Fortunately, the Home School Legal Defense Association (HSLDA) has been largely successful in keeping the wild dogs of the NEA at bay.  But one can be sure that the NEA will keep trying, and there are many legislators who are beholden to that powerful organization for their support. So it behooves homeschoolers to be ever alert about what is going on in their state legislatures.  It also behooves homeschoolers to rally as much support from their fellow citizens as possible, since many local school superintendents think they have a right to impose their own regulations on the homeschoolers in their communities, despite state laws to the contrary. Every community has its own would-be dictators.

There are many things that homeschoolers can do to gain the support of their neighbors. First, they should inform their fellow citizens that homeschooling costs them nothing. In fact, it saves the taxpayers the cost of educating homeschooled children in the public schools.  his is no small matter considering how much money home owners pay in real estate taxes just to pay for the public schools in their communities. And, as we all know, educators are always clamoring for more money.

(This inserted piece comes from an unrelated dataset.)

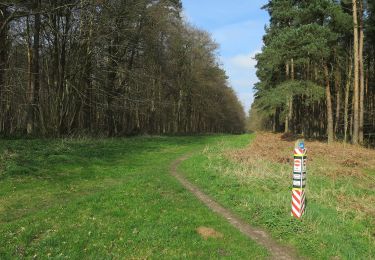 Randonnée A pied West Suffolk - Goshawk Trail - Photo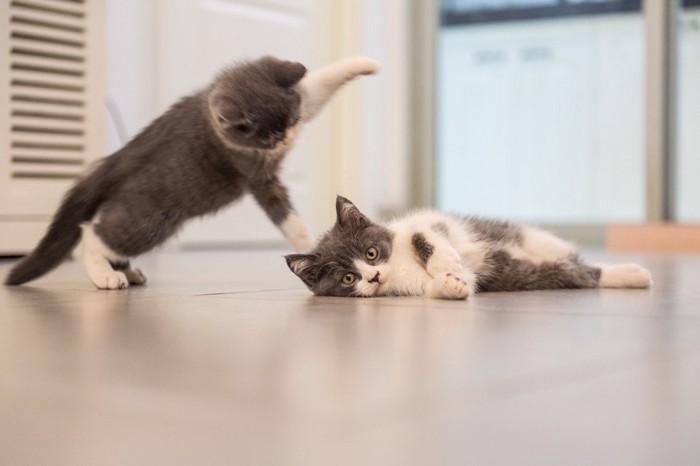 場所を取りあう二匹の猫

Here are some ideas on how to promote homeschooling. 1. Arrange for an exhibit of home-education books and materials at your local public library. Volunteer to man a table in the library during that day so that you can answer questions that people may ask. Most libraries have a meeting or conference room in which a talk or a power-point presentation can be given. Be sure to have an adequate supply of leaflets and free literature to distribute. A good time to have this exhibit would be a few weeks before the local or state homeschool convention takes place, so that you could encourage potential homeschoolers to attend the convention and see for themselves all of the materials available and hear some of the talks given by inspirational speakers.

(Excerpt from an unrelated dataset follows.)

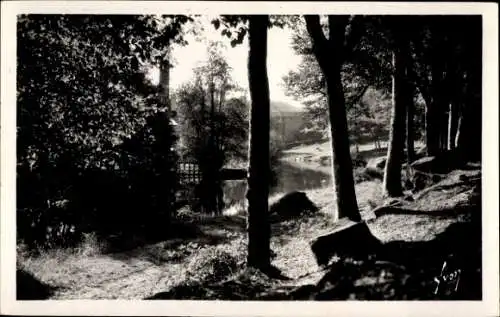 Ak Pont Aven Finistère, Gesamtansicht des Bois d’Armour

2.  Just as important as reaching the public is, so is reaching your lawmakers. So visit the State  legislators and present them with homemade cherry pies. The cherry pie will remind everyone of George Washington and the famous incident with the cherry tree. Home-baked cookies or sweet buns might do just as well as the pie, especially if you want to hand out as many items as possible without breaking the bank. Also give them some literature explaining the benefits of homeschooling to the children, the family, and the community. These lawmakers should be reminded that parental rights and educational freedom are important values in a free society.

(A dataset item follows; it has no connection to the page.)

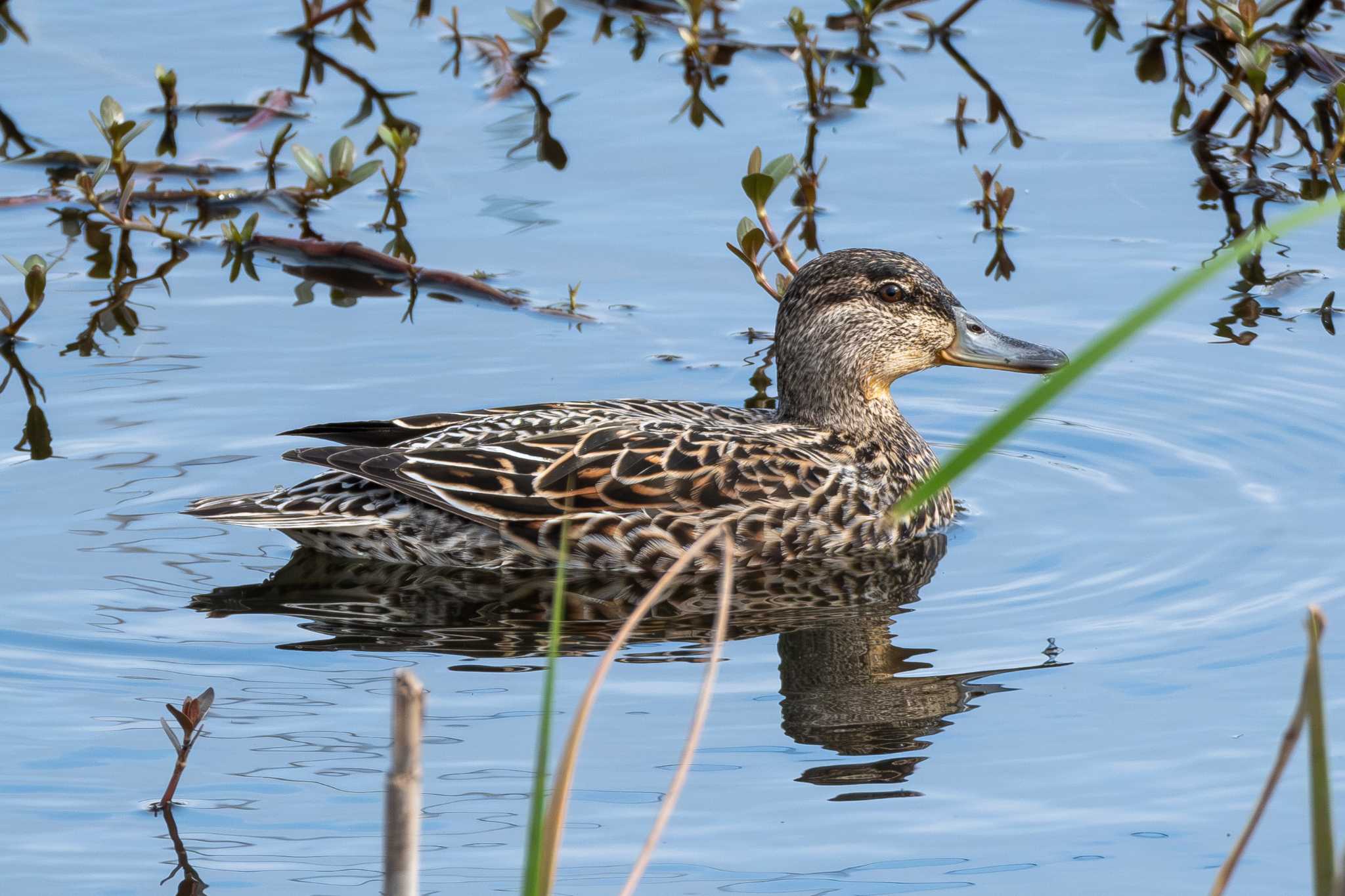 Eurasian Teal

Also, visiting the legislature is a good lesson in government for your children. Make it an important event and let the local media know about it well in advance so that TV cameras will be there for the six o’clock news. That’s when your neighbors will be able to see how well your children behave when giving lawmakers cookies or pies.

3.  Get to know people in the local media — the local newspaper, radio talk show,  and TV station’s news department. Most people in the media are sympathetic to homeschoolers who manage to win spelling and geography bees. So treat them as potential friends. Tell them of the homeschool convention coming up or actually give them a write-up of an event that is newsworthy. 

4.  Develop good debating skills. You will inevitably encounter people who oppose home education for any number of reasons, and you ought to be able to counter their negative views with positive arguments of your own. Well-meaning people who are simply ignorant of the great benefits of homeschooling may be open enough to have their views questioned and changed. But you will also find those who are part of the education establishment and are so committed to a statist philosophy of government that no amount of eloquence on your part will be able to budge them. But what you can learn from them is how better to hone your own arguments with those who will listen.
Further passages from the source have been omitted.